In the past four days global oil prices rallied touching one-month highs on news that 94 US oil rigs and 11 Canadian oil rigs have been taken offline over the past week, suggesting that US output will decline. Higher oil prices have a positive impact on financial and stock markets (particularly by lifting energy stocks) as it reduces concerns about further slowing global economic growth and higher oil prices are expected to boost prices of other commodities. Since mid-June 2014, global oil prices have lost about 50 percent of their value.

Concern about a deepening crisis in Europe eased after Greek Prime Minister Alexis Tsipras sought to reassure international partners that the Greek administration has no intention to create divisions in the Eurozone and confirmed that he is open to listen to alternative proposals for the country’s debt settlement.
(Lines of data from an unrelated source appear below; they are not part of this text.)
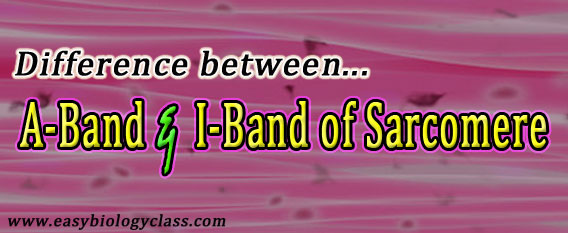 A-band vs I-band
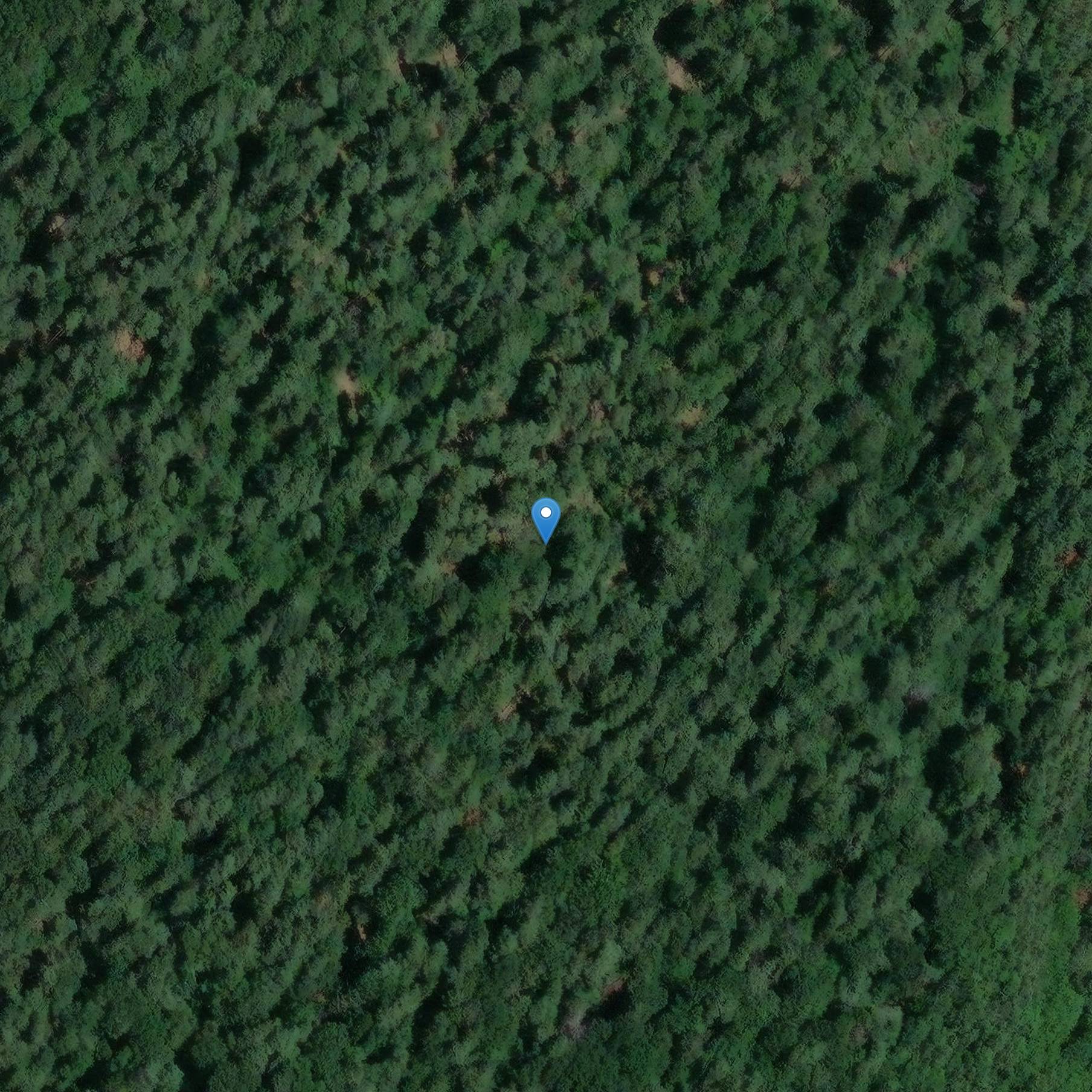 Photo de Schloss Oberlinger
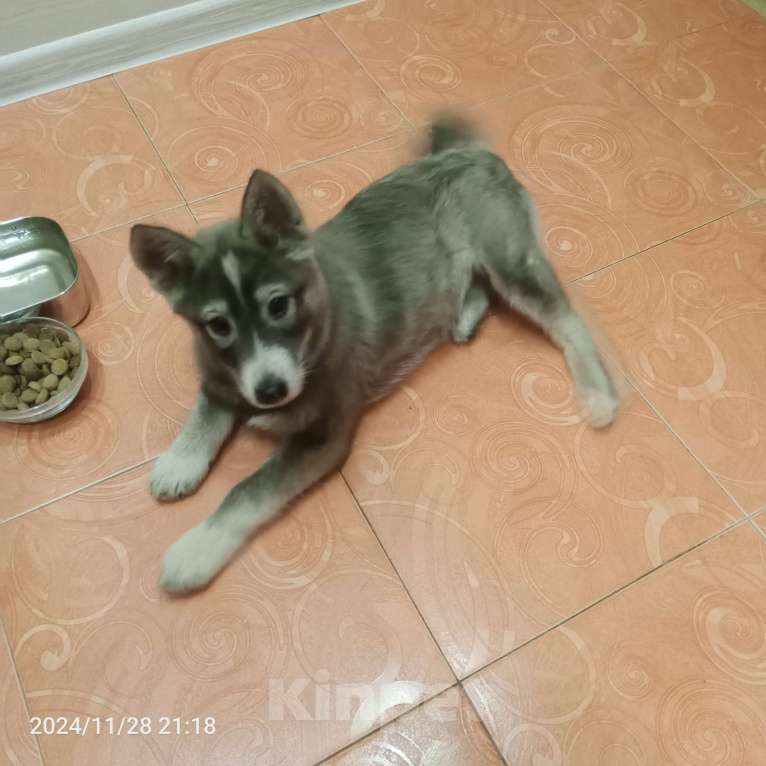 Собаки в других городах Московской области: Щенок в добрые руки Девочка, Бесплатно - фото 1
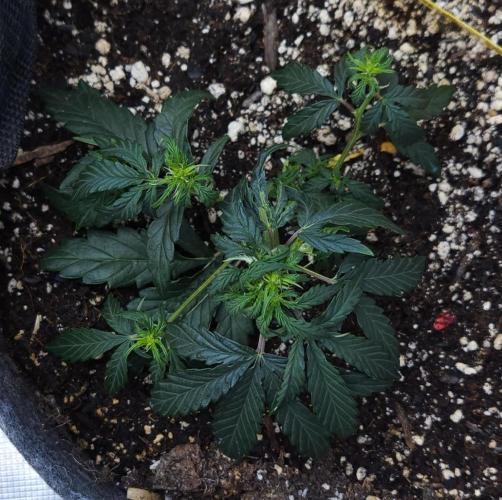 LSO Autoflowers 2.0 !. Week 7 - Wedding Cake (Day 28)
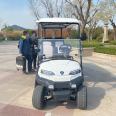 ZYCAR Brand Multifunctional aluminum frame independent suspension electric golf cart with professional meter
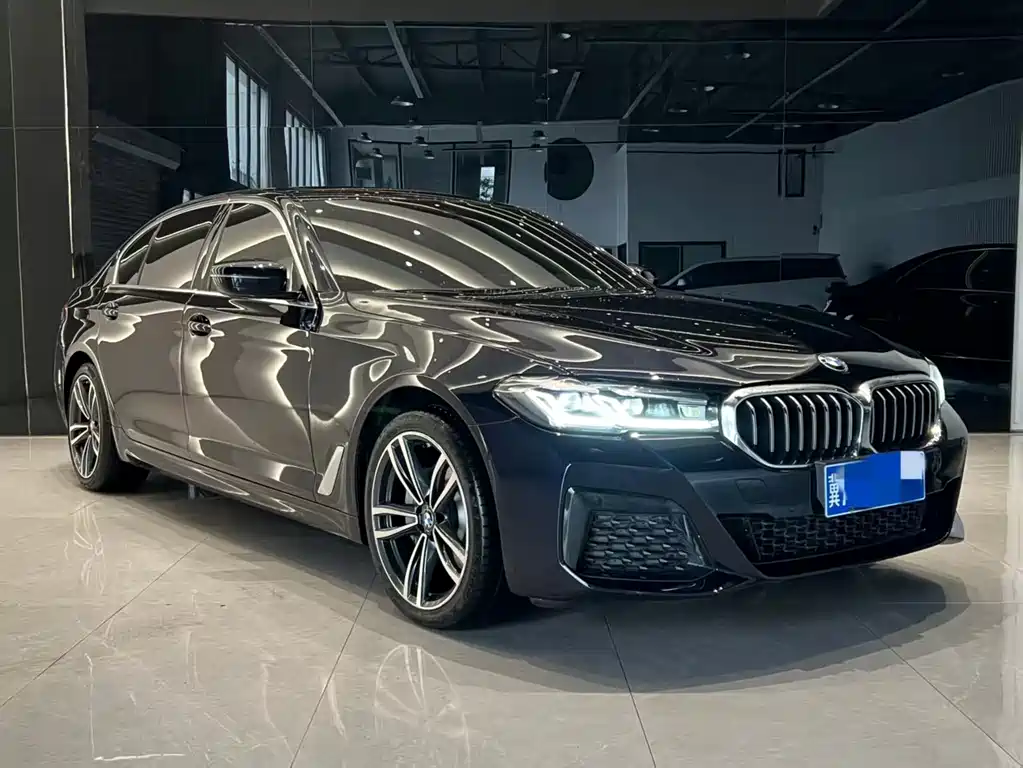 BMW 5 SERIES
This statement was positively received by investors as it reduces concern about a Greek default.

Other positive news involved a successful bond sale at an auction on Tuesday (03/02). These bond inflows lifted Indonesian debt prices. The Indonesian Finance Ministry sold IDR 16 trillion (roughly USD $1.26 billion) of conventional bonds on Tuesday (03/02), higher than the indicative target of IDR 12 trillion. Total incoming bids totalled IDR 40.2 trillion. The highest bid-to-cover ratio was 6.82 for the three-month T-bills.

Meanwhile, the US dollar weakened against many currencies as the result of weak US factory orders. The US Commerce Department announced on Tuesday (03/02) that new orders for manufactured goods fell 3.4 percent (falling for a fifth straight month in December) as demand across a broad sector of industries declined.

Combined, these news stories resulted in growing risk appetite. Bank Indonesia's benchmark rupiah rate (Jakarta Interbank Spot Dollar Rate, abbreviated JISDOR) appreciated 0.27 percent to IDR 12,609 per US dollar on Wednesday (04/02).

Indonesian Rupiah vs US Dollar:

| Source: Bank Indonesia

Earlier in the week, Statistics Indonesia had released several macroeconomic data which were positively received. These data involved easing inflation (from 8.36 percent year-on-year in December 2014 to 6.96 percent year-on-year in January 2015) and a USD $186.8 million trade surplus in December 2014. This monthly surplus helped to curb the country’s general trade deficit. Over the whole year of 2014, Southeast Asia’s largest economy posted a USD $1.88 billion trade deficit, significantly better than the USD $4.08 billion deficit it recorded one year earlier.

On Thursday (05/02) Statistics Indonesia will release Indonesia’s fourth quarter GDP growth result. It is expected to have slowed to 4.9 percent (y/y) in Q4-2014. Since 2011 the economy of Indonesia has had to cope with a slowing economy amid the weak global economy (resulting in weak demand for Indonesian commodities) and the internal rebalancing of the economy (fuel subsidy cuts and the higher interest rate environment). On a positive note, the economy of Indonesia is expected to accelerate from 2015 onward due to structural reforms implemented by the administration of President Joko Widodo.

The benchmark Jakarta Composite Index climbed 0.45 percent although its performance was curbed by the news about capital injections (through rights issues with prices far below market prices) in state-controlled construction companies. For example, shares of Adhi Karya plunged 10.3 percent to IDR 3,410 after it was known that it would conduct a rights issue at IDR 2,525 per share. Other construction companies, particularly state-controlled ones, fell accordingly.